“Melhor momento desde Cinema Novo”, diz diretor de Azougue Nazaré
Produtor de Kleber Mendonça Filho (Aquarius, Bacurau) e Gabriel Mascaro (Boi Neon), Tiago Melo explora histórias sobre o maracatu rural
atualizado
Compartilhar notícia
O cinema pernambucano não descansa. Enquanto o filme Bacurau, sucesso de crítica e público, com mais de 700 mil espectadores, começa a sair de cartaz, entra outra atração do estado nos cinemas do Brasil: Azougue Nazaré, longa de estreia de Tiago Melo, conhecido no meio audiovisual como produtor.
Após trabalhar com Kleber Mendonça Filho (Aquarius, Bacurau) e Gabriel Mascaro (Boi Neon), o recifense, de 35 anos, leva para o seu primeiro trabalho solo de fôlego um debate místico ambientado em Nazaré da Mata, município de Pernambuco.

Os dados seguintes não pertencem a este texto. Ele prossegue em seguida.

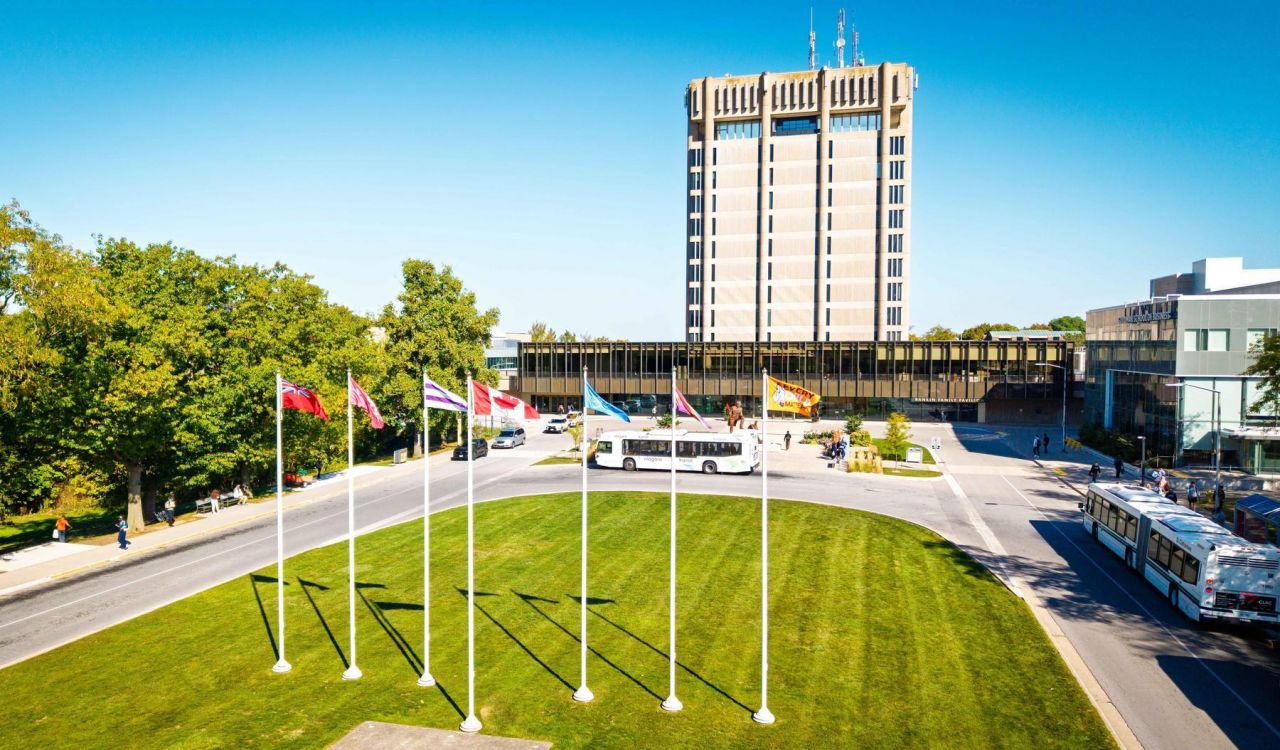 Wide view of the Rankin Family Pavillion and Schmon Tower at Brock University with a circular green lawn, five flagpoles, campus roads and buses on a clear day.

Entre manifestações do maracatu rural e plantações de cana de açúcar, a trama acompanha o casal Catita e Darlene. Ele esconde o quanto pode seu apreço pelo maracatu. Ela é fiel seguidora do pastor neopentecostal Barachinha, ex-mestre de maracatu que se converteu à religião evangélica. Num canavial qualquer, um pai de santo faz ritual com cinco caboclos de lança, figuras folclóricas de Pernambuco. Adquirem poderes e somem. Logo depois, acontecimentos misteriosos intrigam os moradores de Nazaré.
Exibido e premiado em dezenas de festivais no Brasil, como o do Rio (prêmio especial do júri, melhor ator, para Valmir do Côco, e montagem), e lá fora, a exemplo de Roterdã (como melhor filme de estreia), Azougue é mais um sucesso do audiovisual nacional que desafia o estado de coisas atual, em que o financiamento público de cinema virou alvo do governo do presidente Jair Bolsonaro.

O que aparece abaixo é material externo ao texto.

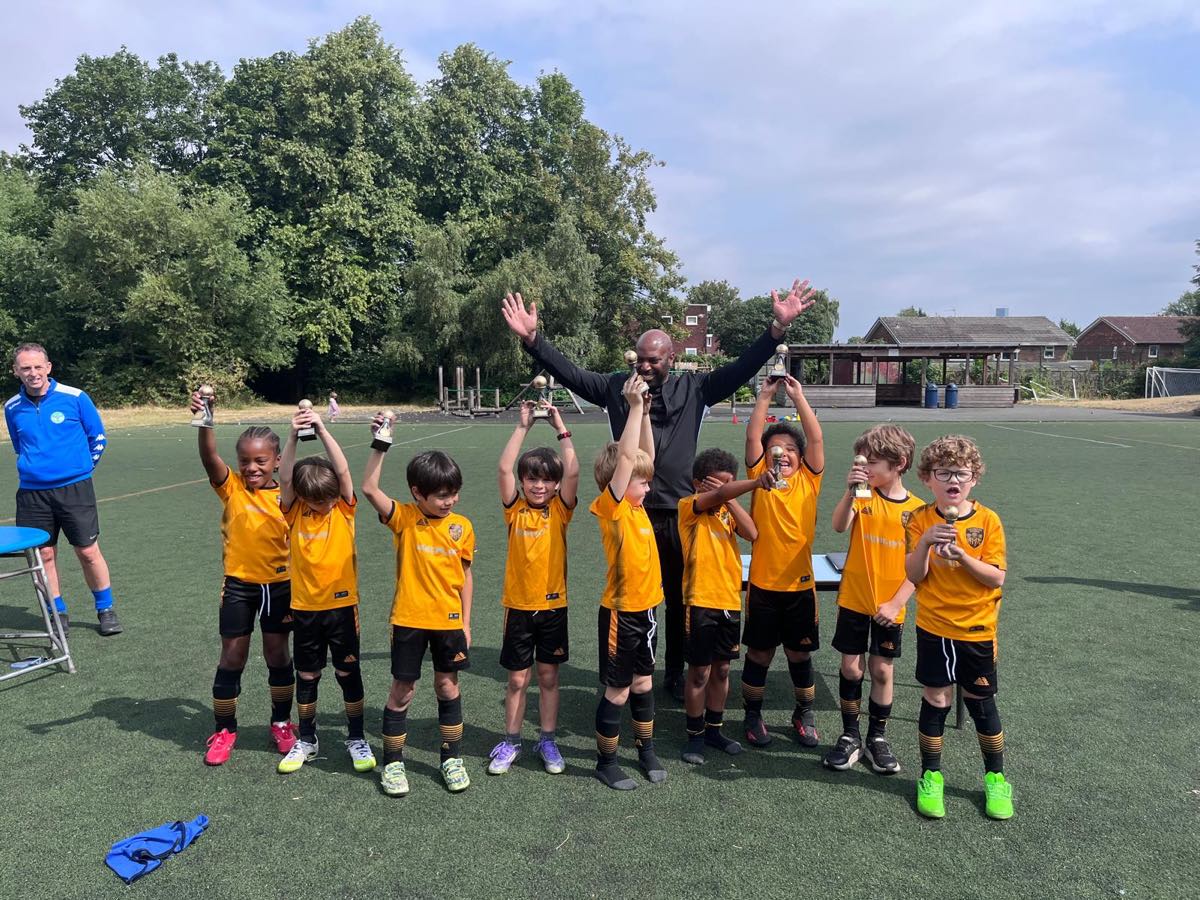Chorlton Rovers players celebrating with their trophies and coach at Hough End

De qualquer forma, Melo vê motivo para comemorar. “O sentimento de ver o filme estrear é de muita felicidade”, conta. “Acho que a gente está no melhor momento do cinema brasileiro em muitos anos, desde o Cinema Novo. O Brasil nunca produziu tanto e com tanto reconhecimento. E vivemos esse desmonte da cultura no Brasil”, compara.
O pernambucano vê em Bacurau, dos conterrâneos Kleber Mendonça Filho e Juliano Dornelles, como “grande exemplo de cinema que o Brasil gosta de ver”. Em Azougue, Melo tenta trafegar por diversos gêneros, com ênfase na fantasia, na comédia e em passagens musicais. “Acaba que todos esses gêneros foram dados a mim pelo próprio maracatu. Não busquei nada. Sempre chegou alguma coisa”, aponta.
“O filme vem de histórias reais do maracatu, do passado. Depois que o caboclo bebe o azougue (mistura de cachaça, limão e pólvora, entre outros ingredientes), há relatos de que eles ganham superpoderes, conseguem se teletransportar. A parte musical costura o filme inteiro. E o humor é muito presente. É como as pessoas vivem, mesmo com as dificuldades. A arma do maracatu é a felicidade, a alegria”.
Melo acredita que a experiência como produtor forneceu bagagem fundamental para assinar o primeiro longa. Ele vê, por sinal, que essa função costuma ser tratada de maneira enviesada, como algo “burocrático”. “Acho o contrário. Sempre estive muito próximo do diretor e do roteiro, pensando em ideias, soluções narrativas que colaborassem para o processo artístico. Trabalhei com diretores e diretoras de diversas gerações, e isso foi muito rico. Foi uma base para poder estar mais seguro ao fazer Azougue”, analisa.
No próximo filme, Yellow Cake (“bolo amarelo”, em tradução livre), Melo deve continuar explorando o imaginário nordestino. “É um sci-fi no sertão da Paraíba”, avisa. Se Azougue foi rodado em Nazaré da Mata, cidade de sua mãe, Yellow deve funcionar como desdobramento do curta Urânio Picuí, cujo título carrega a cidade do pai.
“Há essa história de que o lugar tinha reservas minerais e radioativas estratégicas. Que americanos chegaram lá no passado para extrair materiais para o projeto Manhattan, que deu origem às bombas de Hiroshima e Nagasaki. Costumo dizer que, curiosamente, vira o maracatu atômico, de fato”, brinca o cineasta.